One of the most renowned and distinctive voices in postwar Italian literature, NATALIA GINZBURG (1916–1991) has been praised for her inimitable style and her unforgettable novels depicting private lives in a disrupted social landscape. A prolific dramatist as well as essayist and novelist, she is best known in this country for her novels All Our Yesterdays, The City and the House, and Voices in the Evening, as well as her autobiographical work The Things We Used to Say, and her biography of the great nineteenth century man of letters Alessandro Manzoni. Ginzburg grew up in Turin and spent most of her adult life in Rome.

Lynne Sharon Schwartz

Lynne Sharon Schwartz is the author of eight novels, three short story collections, three essay collections, three books of poetry, and three translations from Italian.

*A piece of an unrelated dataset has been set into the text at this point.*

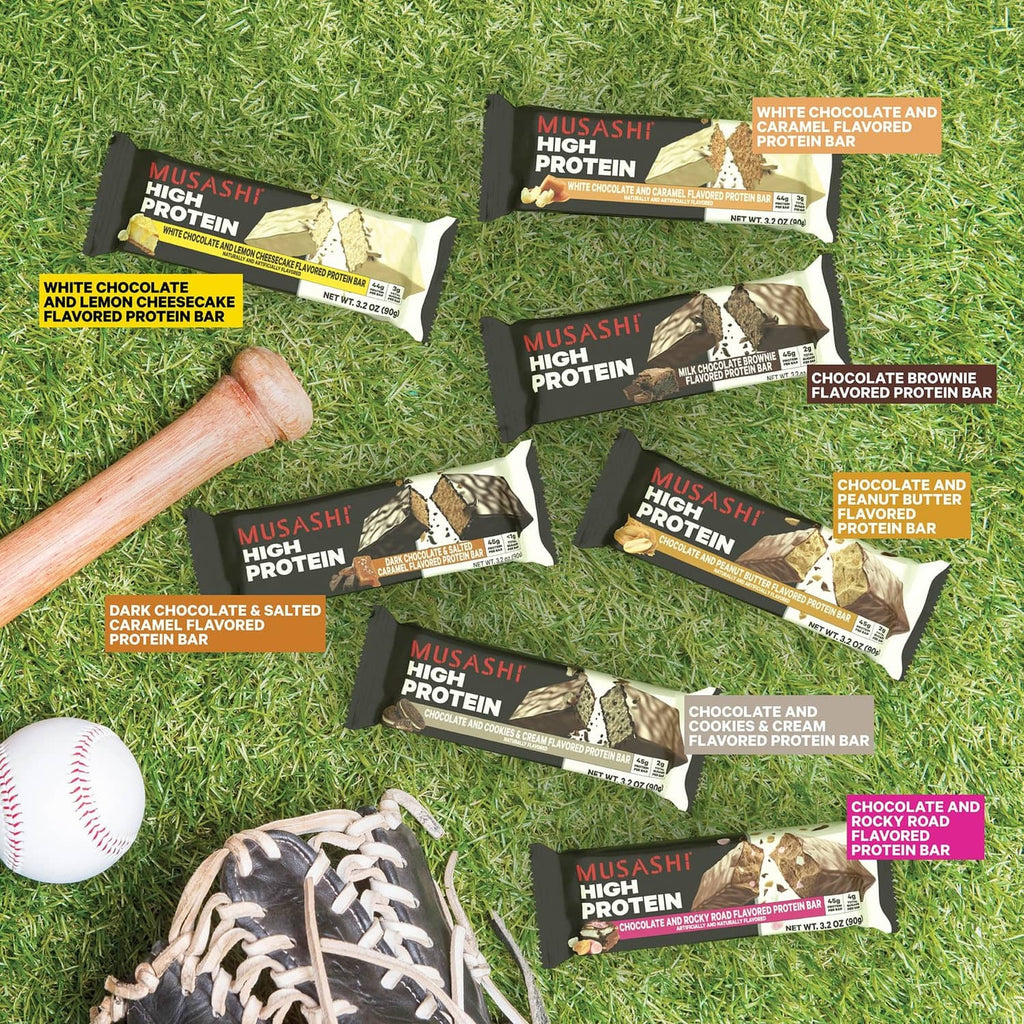 Assorted protein bars on grass, including white chocolate and lemon cheesecake bar
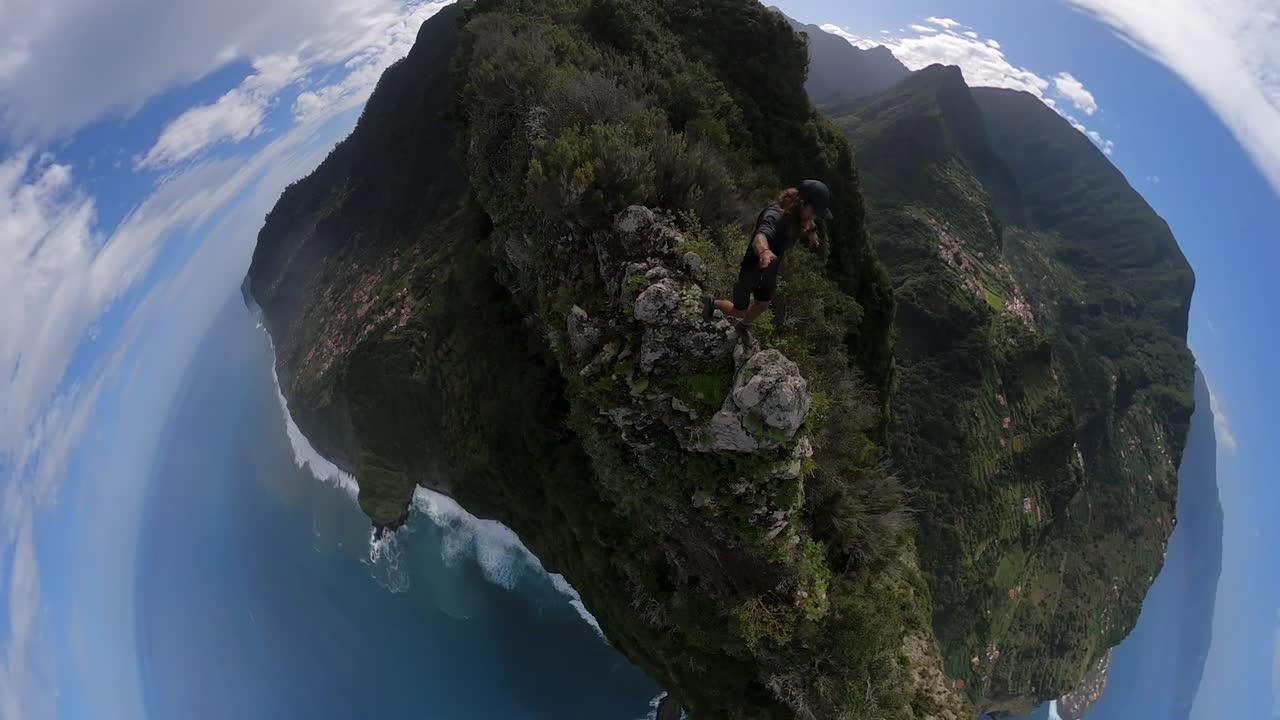 imágenes amplias de 360 puntos de vista de un hombre escalando al borde de un acantilado empinado en la cima de una montaña en madeira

Among them are the novels Rough Strife (nominated for a National Book Award) and Leaving Brooklyn (nominated for a PEN/Faulkner Award in fiction), and the memoirs Ruined by Reading and Not Now, Voyager. She has received grants from the Guggenheim Foundation, the NEA in fiction and translation, and the New York State Foundation for the Arts. She teaches at the Bennington Writing Seminars and Columbia University’s School of the Arts, and has taught in many other places both in the US and abroad. Schwartz lives in New York City.